HUH? :huh: :eek: :huh:

IF this is correct, are there some concerns about the engines too? :huh:
No. That is apparently about testing uprated engines for use in the yet to be announced 787-10 to meet Mr. Udvar Hazy's demands on range.

Since they need FAA's permission to fly any 787s at present, that other set of test flights was included as part of this program to use a single umbrella clearance to fly test planes.
 
While aboard #92 yesterday I read in the print version of USA Today - here is a link to the article -
The other plane will conduct tests on improving the engine that the company says are unrelated to the battery issue.
HUH? :huh: :eek: :huh:

IF this is correct, are there some concerns about the engines too? :huh:
I'm not aware of any engine related safety concerns.

Performance concerns (fuel vs. thrust) are typical for new engine designs and bleedless is about as new as it gets for commercial aviation.

For me this was the key part of the article...

Ricardo Martinez-Cid, an aviation trial lawyer with the Miami firm Podhurst Orseck, called it heartening that Boeing developed a fix for the revolutionary plane. But he said the FAA relies heavily on manufacturers when certifying new aircraft, so he would like to see the data that justify returning the plane to the sky and convincing travelers that the plane is safe. "The question is how much care and attention were given to the problem and to correcting it, before getting back out to market," Martinez-Cid said. "We know what a huge effect on the bottom line this is for Boeing. There's always going to be a degree of skepticism inherent in any fix. They should really take some extra steps in making sure that they're doing it right."
This annoys me to no end. Maybe we need to cut our greater than all other nations combined military spending spree and redirect some of that wasted money into independently certifying new aircraft instead of just pretending the manufacturer can somehow ignore their own conflicts of interest and hold themselves accountable. So many of America's problems today are self-created.

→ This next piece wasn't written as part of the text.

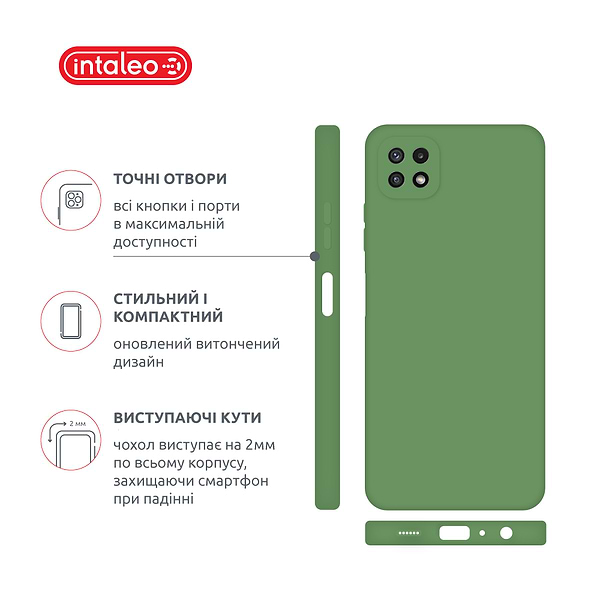 Фото - Чохол для смартфону Intaleo SoftShell for Samsung Galaxy A22 5G (1283126562600)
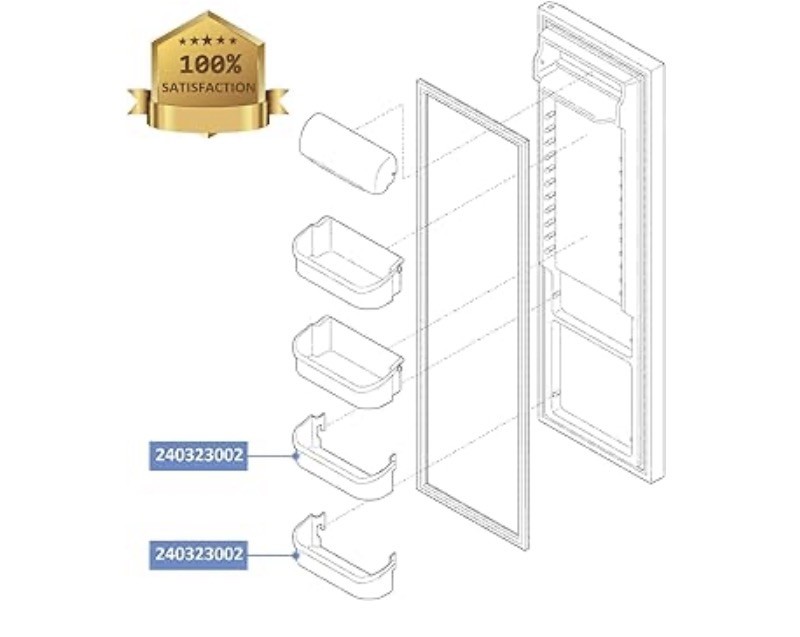 Door Bin Shelf Clear Compatible with Frigidaire Refrigerator 240323002 240323001 gallery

Yet we can't seem to make any progress on actually resolving them.
 
While aboard #92 yesterday I read in the print version of USA Today - here is a link to the article -
The other plane will conduct tests on improving the engine that the company says are unrelated to the battery issue.
HUH? :huh: :eek: :huh:

IF this is correct, are there some concerns about the engines too? :huh:
The tests are to evaluate tweeks to the engines to improve performance.
 
I watched it as well. I thought the Boeing people did a pretty good job and the presenters seemed knew the nuts and bolts of the issue and were not just reading bullet points from the slides (amazing for top-level suits). Correctly or not, I came away feeling more confident about the 787.
 
I watched it as well. I thought the Boeing people did a pretty good job and the presenters seemed knew the nuts and bolts of the issue and were not just reading bullet points from the slides (amazing for top-level suits). Correctly or not, I came away feeling more confident about the 787.
Many of top-level suits at Boeing came from engineering.
 
This one apparently is idle speculation on part of people trying to churn up some news. At least that is the impression I am getting reading the associated discussion in airliners,net. It would be odd to affect ETOPS when a battery failure did not require diversion in the original ETOPS certification. But hey, you never know when technical considerations take a back seat. either :)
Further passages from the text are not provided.